The world is full of conflict and wars of many types in many places. Such conflicts leave large numbers of refugees in their wake. Through a complex process largely outside the scope of this book, many of these refugees are resettled in western nations with a history of accepting immigrants. In nations that accept refugees, educators who teach refugees would improve their efficiency and understanding if they had a better understanding of refugees and specifically the special needs of children who have been exposed to war who they will be called upon to educate.
The U.S.A. is one nation that accepts large numbers of refugees from around the globe. Canada is another. Although this book was written by a Canadian and uses Canadian examples, there was nothing in it that I felt would be inappropriate if applied in an American setting.
The author, a Canadian educator, discussed the needs of immigrant children who are affected by war. Although immigrant children generally have a wide variety of special needs, such as language help, cultural adaptation assistance and the complex issue of assimilation versus cultural adaptation, and issues of struggling to obtain an education while working through the need to adjust to a new country and often a new style of education, refugee students often have even more and often very complex issues to deal with, and these issues often affect teachers or require the understanding and active intervention by a teacher if the student is able to receive the help they need.
For instance, it is not uncommon for refugee students to have very limited English and interrupted formal schooling. Often they come to school both older and less prepared than most of the local students. Their expectations or stated goals are often grossly unrealistic. For example, according to this book, it is not uncommon for a school that serves a refugee population to be presented with 16 year old students who read and write at a 3rd grade level and have never had a science class, but who enter school announcing that their goal is to study hard and become a doctor. Such students also often come from a badly broken or stressed family support network (often due to the casualties of war and the refugee experience) and are required to work long hours at a low paying job to support their family. The drop-out rate among them is high, and after dropping out many get into trouble with the law.
And these are the practical concrete issues. The emotional needs of such students are often complex, draining, and difficult. At times just reading this book was difficult. There were several references, for instance, to children who either experienced or witnessed other having their hands chopped off by child soldiers in African war zones, as well as rape and human trafficking. However, these subjects form part of the reality of life for many people in our world and nation,
In the first portion of the book, the author provides background and facts, and then mixes them with personal examples, the experiences of others, as well as offering academic theoretical frameworks for understanding the needs of these students. I thought the author did an excellent job of mixing theory and experience in a single narrative.
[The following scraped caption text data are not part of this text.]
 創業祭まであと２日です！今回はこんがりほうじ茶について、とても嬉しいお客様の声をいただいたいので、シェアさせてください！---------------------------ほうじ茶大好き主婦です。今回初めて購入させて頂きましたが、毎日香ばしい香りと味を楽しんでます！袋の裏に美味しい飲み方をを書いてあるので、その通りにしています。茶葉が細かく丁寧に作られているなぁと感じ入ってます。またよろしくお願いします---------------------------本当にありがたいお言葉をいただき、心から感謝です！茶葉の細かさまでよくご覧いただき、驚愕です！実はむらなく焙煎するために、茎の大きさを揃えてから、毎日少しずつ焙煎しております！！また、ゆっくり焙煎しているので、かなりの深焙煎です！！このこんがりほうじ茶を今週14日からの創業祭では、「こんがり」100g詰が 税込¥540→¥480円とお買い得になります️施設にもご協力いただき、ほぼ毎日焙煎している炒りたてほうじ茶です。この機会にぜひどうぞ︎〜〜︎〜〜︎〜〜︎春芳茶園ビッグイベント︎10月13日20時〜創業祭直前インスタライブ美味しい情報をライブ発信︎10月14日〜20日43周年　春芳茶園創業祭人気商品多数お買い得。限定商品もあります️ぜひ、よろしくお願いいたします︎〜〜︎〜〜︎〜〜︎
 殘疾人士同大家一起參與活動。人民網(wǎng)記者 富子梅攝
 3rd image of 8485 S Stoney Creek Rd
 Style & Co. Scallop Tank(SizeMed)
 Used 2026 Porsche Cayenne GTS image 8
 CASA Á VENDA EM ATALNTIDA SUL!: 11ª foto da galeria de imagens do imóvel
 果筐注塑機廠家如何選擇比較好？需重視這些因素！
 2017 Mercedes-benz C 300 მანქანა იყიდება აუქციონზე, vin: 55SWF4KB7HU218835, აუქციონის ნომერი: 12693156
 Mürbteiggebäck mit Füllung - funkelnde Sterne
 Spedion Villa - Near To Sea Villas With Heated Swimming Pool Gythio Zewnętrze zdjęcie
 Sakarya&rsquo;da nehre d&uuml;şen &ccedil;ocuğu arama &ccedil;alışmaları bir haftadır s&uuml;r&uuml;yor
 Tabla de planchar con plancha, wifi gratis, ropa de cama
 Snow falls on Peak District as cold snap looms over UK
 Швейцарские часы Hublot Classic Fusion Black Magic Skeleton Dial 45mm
In the second portion of the book, the author offers a variety of classroom activities, often of an arts and crafts sort, to encourage and help students to share and process their experiences and pave the way for better integration into school and society. These projects, exercises, and activities were well presented although they tended to be of the sort that would be supplemental to a standard education instead of an integral part of it
All in all, I felt this book, although lengthy and at times emotionally draining was well worth reading and helped make me a better teacher.